The original code is preserved verbatim as [`card.cc`](card.cc). A
de-obfuscated, heavily-annotated rewrite lives in
[`card_explained.cc`](card_explained.cc). Both produce the same image:
![Rendered output: the letters "aek" as reflective spheres on a red and white checker floor under a blue-purple sky, with soft shadows and depth-of-field blur](docs/aek.png)
The spheres spell **a · e · k**, Andrew Kensler's initials, encoded as a
9-column bitmap in the `G[]` array of the original source.
## Quick start
Requires a C++14 compiler, CMake ≥ 3.16, and (optionally) `netpbm` for
PPM → PNG conversion.
```sh
cmake -S . -B build
cmake --build build
# Render with the original (PPM, 786 KiB, ~6 s on a modern laptop)
./build/card > aek.ppm
# Or via the convenience target:
cmake --build build --target image # → build/aek.ppm
cmake --build build --target image_explained # → build/aek_explained.ppm
# View it (PPM is supported by most image viewers; or convert):
pnmtopng aek.ppm > aek.png
```
## What's interesting about it
The whole renderer is built on **operator overloading**: a single `struct v`
provides `+` (add), `*` (scale), `%` (dot product), `^` (cross product), and
unary `!` (normalise).
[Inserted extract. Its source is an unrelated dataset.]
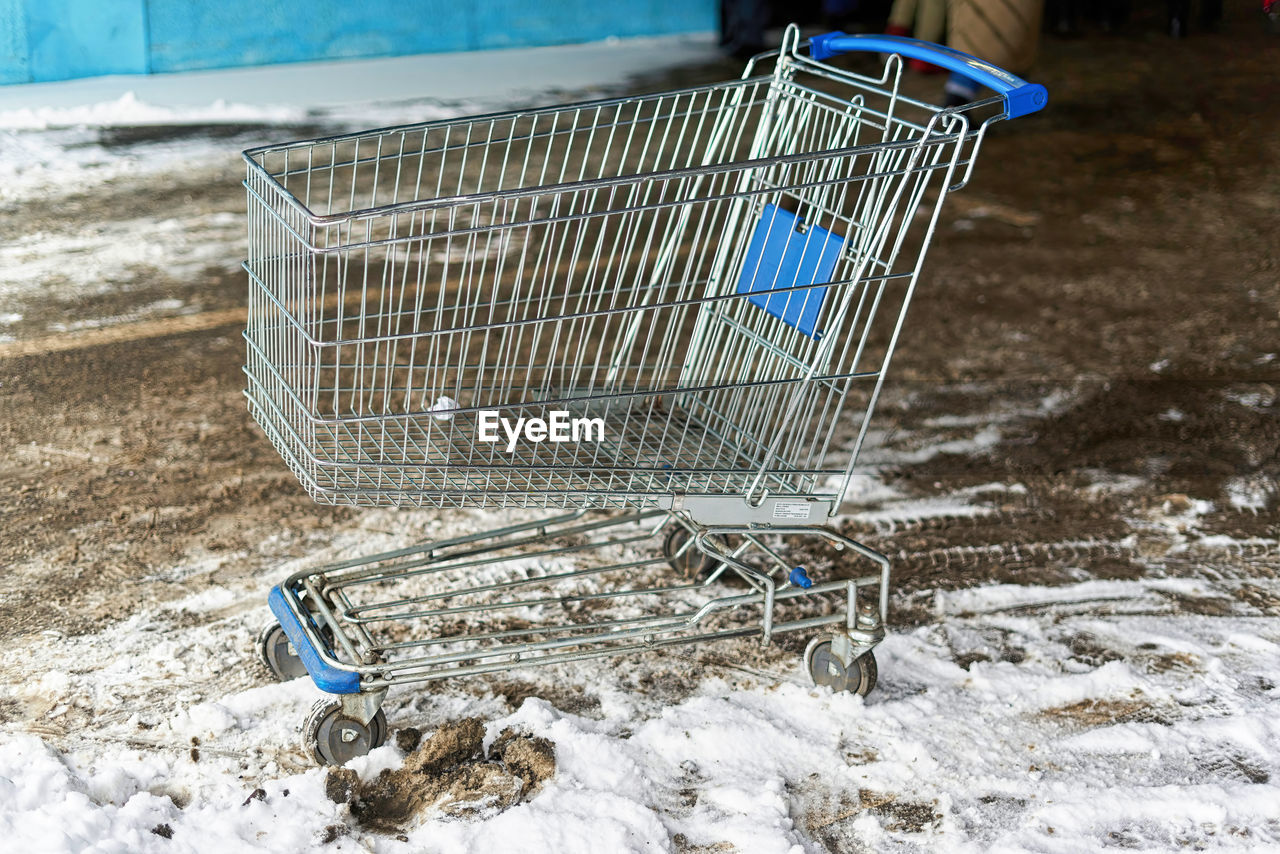 ABANDONED SHOPPING CART IN SNOW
Once those are in place, the entire rendering
pipeline — sphere intersections, reflection vectors, Phong shading,
checker-pattern tile lookup, camera basis construction — collapses into
just a handful of expressions.
Other tricks worth admiring:
- **Soft shadows for free**: the light position is jittered each call, so
averaging 64 samples per pixel produces a real penumbra without any
area-light formalism.
- **Depth of field for free**: the camera origin is also jittered across
a 99-unit "lens" each sample, so points off the focal plane go blurry.
- **Anti-aliasing for free**: sub-pixel jitter on the ray direction.
The same 64-sample loop pays for all three at once.
A line-by-line walkthrough of the algorithm is the long-form
[comments inside `card_explained.cc`](card_explained.cc).
## Layout
```
.
├── card.cc # original, untouched — do not edit
├── card_explained.cc # de-obfuscated, documented rewrite
├── CMakeLists.txt
├── docs/
│ └── aek.png # published render
├── README.md
└── CLAUDE.md # working notes for AI assistance
```
## Credits
- Original raytracer: [Andrew Kensler][aek-home] ("aek").
- Excellent walkthrough that inspired this study:
Fabien Sanglard, [_Decyphering The Business Card Raytracer_][aek].
## Licence
The original `card.cc` is reproduced as-is from publicly published material
for educational purposes; credit and copyright belong to Andrew Kensler.
The supporting files in this repository (CMake, README, de-obfuscated
rewrite) are placed in the public domain by the repository author.